Employers should be aware that following this ruling, if they evade their obligations to pay tribunal awards, they could now face fresh victimisation claims where the reason for the non-payment of the award is connected to previous discrimination proceedings.
If a victimisation claim is successful in these circumstances, this could give rise to additional financial liability over and above the value of the award.
Since 1 April 2009, the government has been clamping down on employers that disregard tribunal rulings, and those that fail to pay tribunal awards will be publicly named and shamed. Defaulting employers' names will be entered onto the Register of Judgments once the claimant has lodged the decision at court for enforcement. The government has also begun discussions to develop a service whereby creditors will be able to commission a High Court enforcement officer to enforce their award or out-of-court settlement as soon as the defaulting party fails to pay the sum due.
What you should do
If your employer is unlucky enough to face a tribunal award, arrangements should be put in place for the payment to be made at the earliest opportunity (but in any event before the 42-day time limit to pay a tribunal award expires, after which interest starts to accrue) to avoid the risk of fresh victimisation claims being brought.

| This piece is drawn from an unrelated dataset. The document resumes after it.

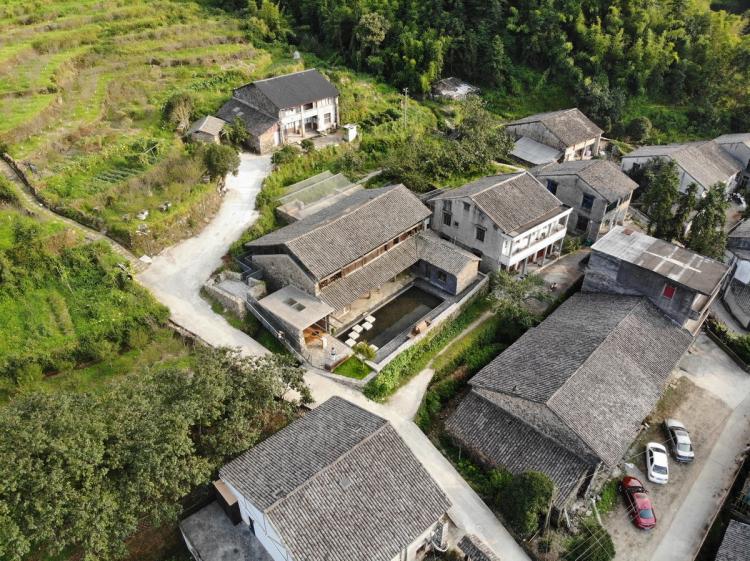 BIM建筑|小岙中通文化驿站:古朴村落中悠然而居 / 众生设计 BIM建筑|小岙中通文化驿站:古朴村落中悠然而居 / 众生设计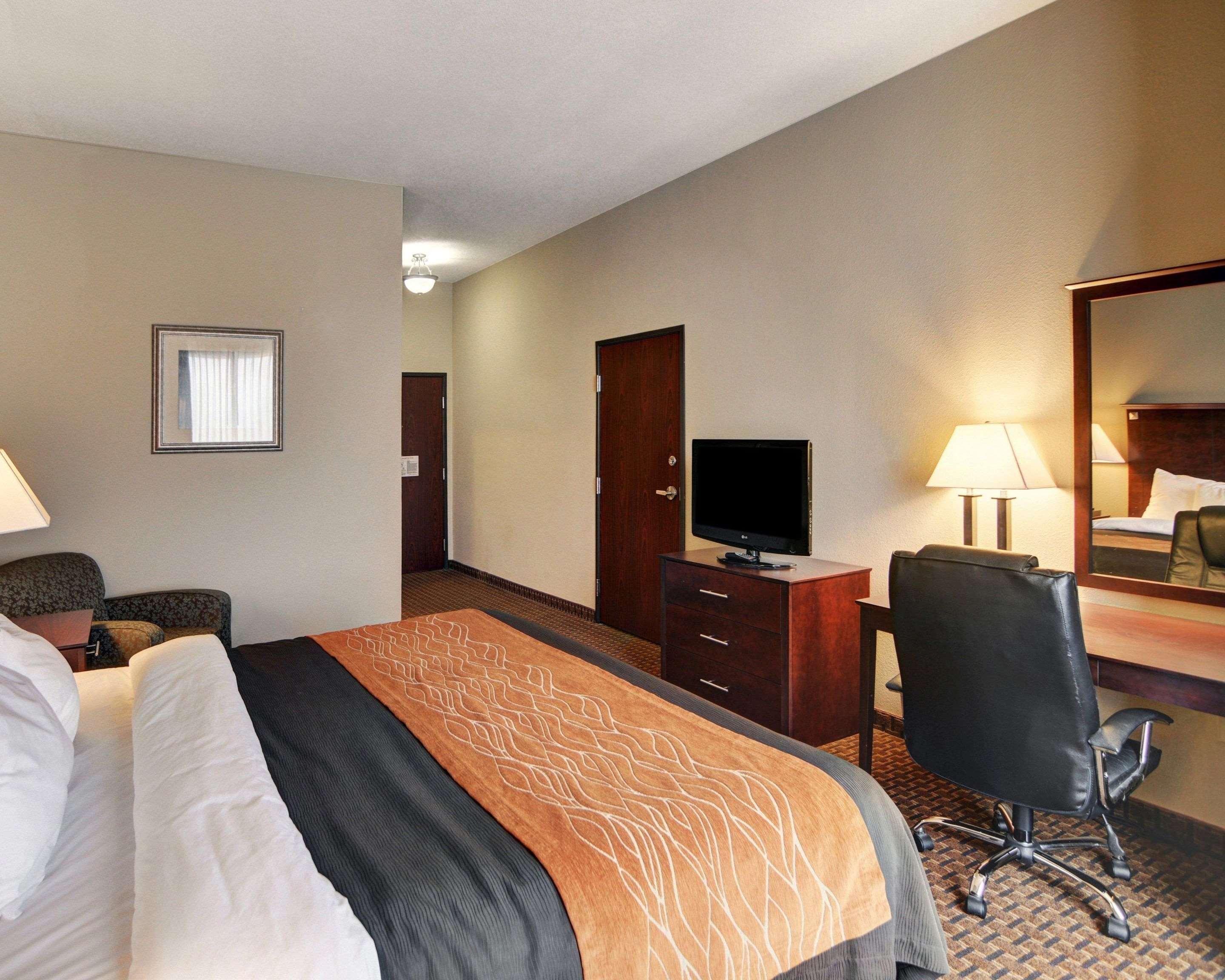 Comfort Inn & Suites Near Lake Lewisville Corinth Экстерьер фото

The Court of Appeal has held that the failure to pay a tribunal award for discrimination could in itself give rise to a separate claim for victimisation where the reason for the non-payment was related to the claimant having brought discrimination proceedings initially.
Lance Coutinho was an IT specialist of Asian origin. He suffered race discrimination and was automatically unfairly dismissed in connection with a TUPE transfer from his then employer, Vision, to Rank in 2004. He was awarded £72,000. The liability transferred to Rank under the provisions of TUPE but Rank refused to pay the award, even after Coutinho obtained a County Court Judgment (CCJ) to enforce it in 2006.
Coutinho brought a new claim against Rank, arguing that the failure to pay the award amounted to victimisation. Victimisation is a stand-alone form of discrimination that involves a person being treated less favourably as a result of carrying out a "protected act", which includes, among other things, having brought a discrimination claim.